3) Guidelines for Compression:
·         Only compress columns when compression affects enough of the rows in the table to make compression worthwhile.
·         Measure the potential savings with the following calculation:
       CC * CW , where CC is the count of potential compressed nulls (or values) 
     for the column, and CW is the column width.
        Sqls for calculating CC:
                  - Get actual null count:
                              select count(*) from tbl1 where col1 IS NULL;
               - Get actual value list by value count:
                        select col1, count(*) from tbl1 group by 1 order by 1 desc;
·          Measure the actual savings with the following calculation:
       (TB - TA) / TA, where TB is the tablesize before the compression, and TA 
     is the tablesize after the compression.
·          Presence bits:                                                                                                                                 For every data column, there will be either 0, 1, or 2 Presence Bits:                
      1) For each 8 columns compressable, add 1 byte of compression presence bits per row.
     2) And, for each 8 columns nullable, add 1 byte of nullable presence bits per row.
·         Convert VARCHAR to Fixed:      
     Since a VARCHAR cannot be compressed, then it could be converted to a fixed length CHAR, and then compressed. Weigh these differences: A VARCHAR column contains a 2 byte VLI (variable length indicator) for each value, and a CHAR column contains the same number of characters per value.
·          Implement the compressions on the test system first (DW TEST (t62tst)), and then migrate the changes to the production system (DW EDW (t61edw)).

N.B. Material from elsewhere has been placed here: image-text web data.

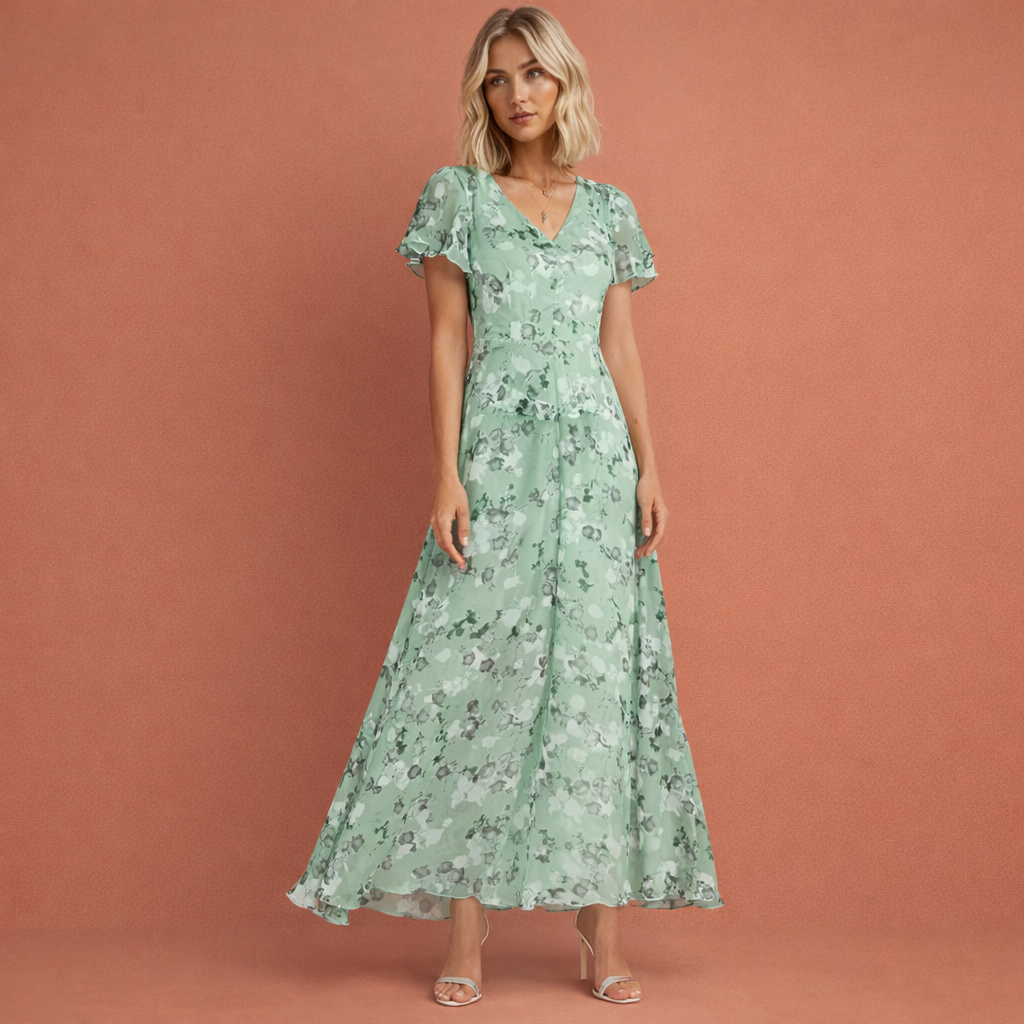 Maxi dress with V-neck and butterfly sleeves for women | Emilia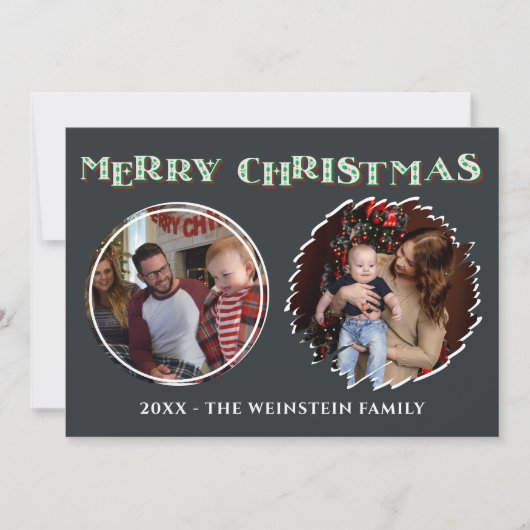 Vrolijk Kerstfeest 2 Fotocollage Bedankkaart (Voorkant)
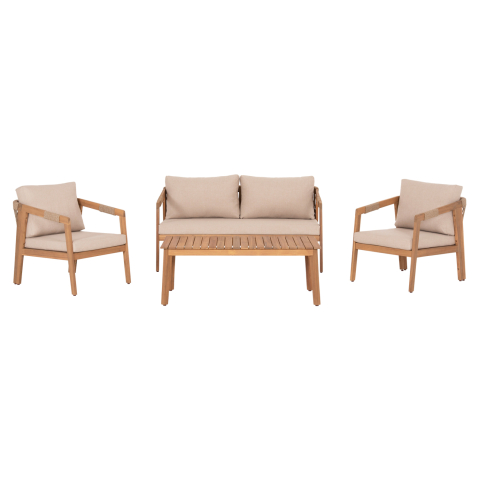 Seturi canapea - OUTDOOR LOUNGE SET 4PCS SAVANNA HM6442 ACACIA WOOD--ROPE--POLYESTER FABRIC IN BEIGE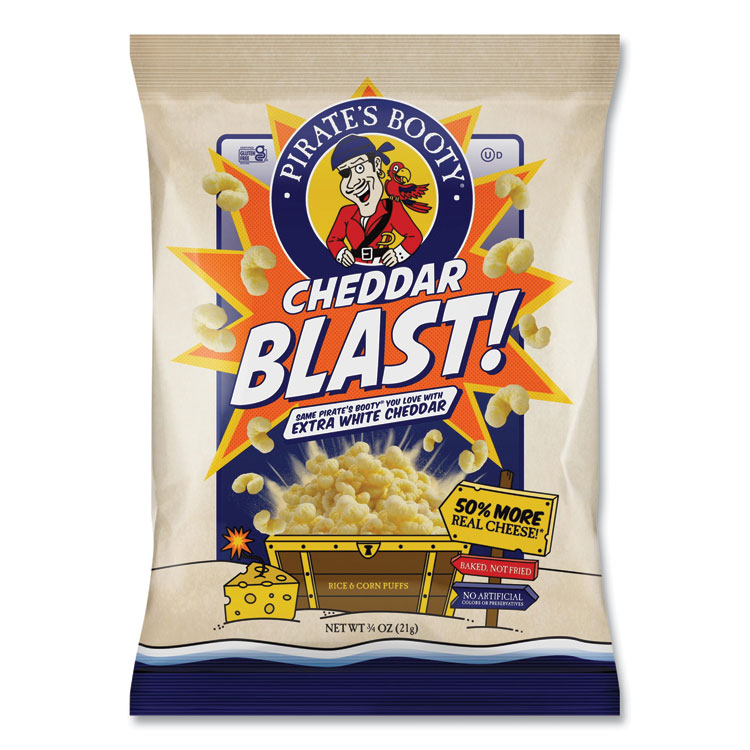 Pirate's Booty Cheddar Blast, Cheddar Cheese, 0.75 oz Bag, 16/Carton (GRR32400002)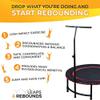 LEAPS & REBOUNDS 40" Adjustable Stability Bar Attachment with 40" Mini Fitness Trampoline and Home Gym Rebounder for Cardio Exercises, Red view 4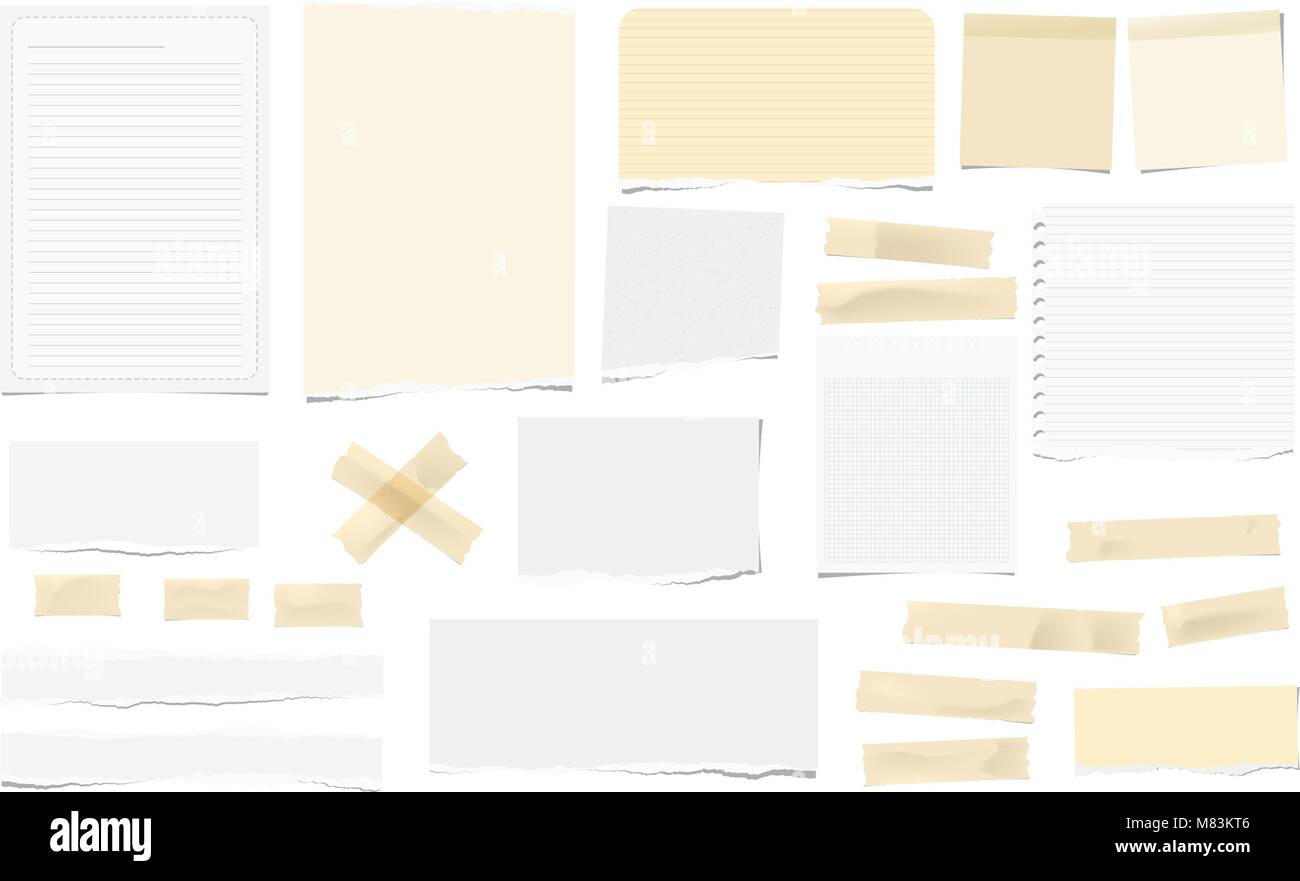 Brown adhesive, sticky, masking, duct tape pieces, white torn note ...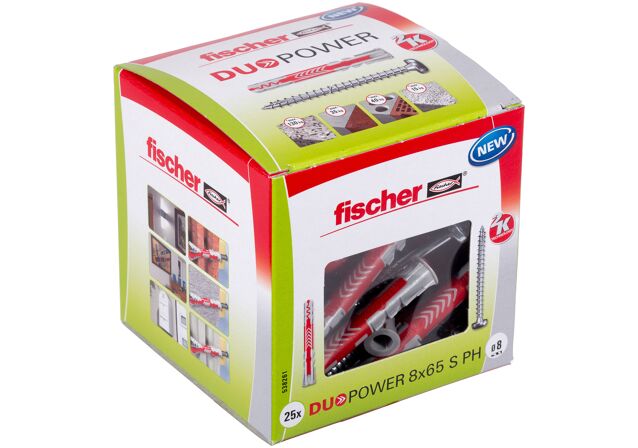 Packaging: "fischer DuoPower 8x65 met bolkopschroef"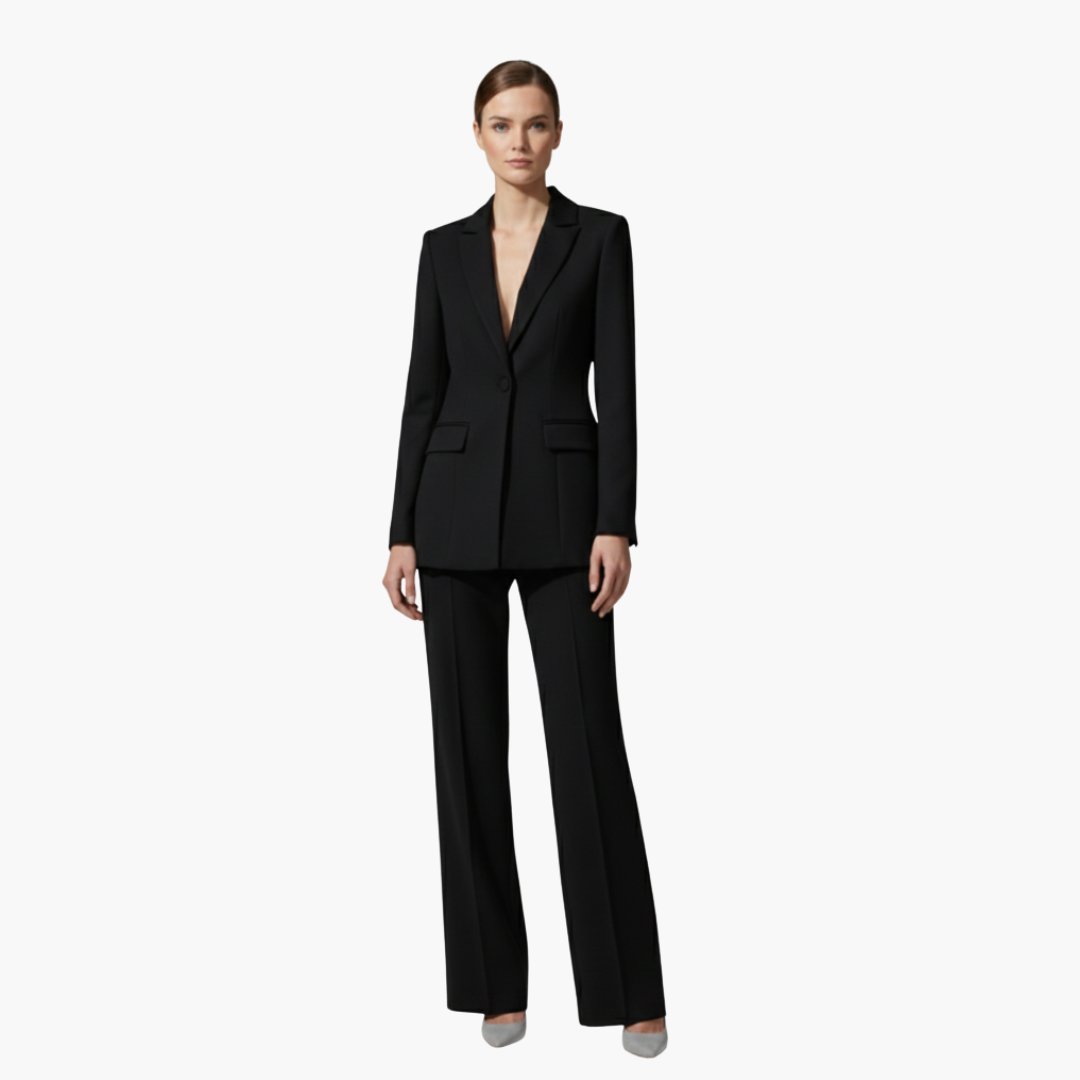Elegant Women's Suit Set - Tailored Blazer and Straight Leg Pants for Office and Formal Wear 10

Collect Statistics Syntax in Teradata

The following are the Collect Statistics Syntaxes in Teradata.

“COLLECT STATISTICS ON tablename COLUMN columnname;” will collect statistics  on a column.

                .
“COLLECT STATISTICS ON tablename INDEX (columnname)” will collect statistics  on an index.
                    
“COLLECT STATISTICS ON tablename INDEX (col1, col2, ...)” will collect statistics  on multiple columns of an index.                      

“HELP STATISTICS tablename;” will display the number of distinct values of the columns. 
                        
“COLLECT STATISTICS tablename;” refreshes (recollects) the table statistics.

 “DROP STATISTICS ON tablename ... ;" will drop the statistics.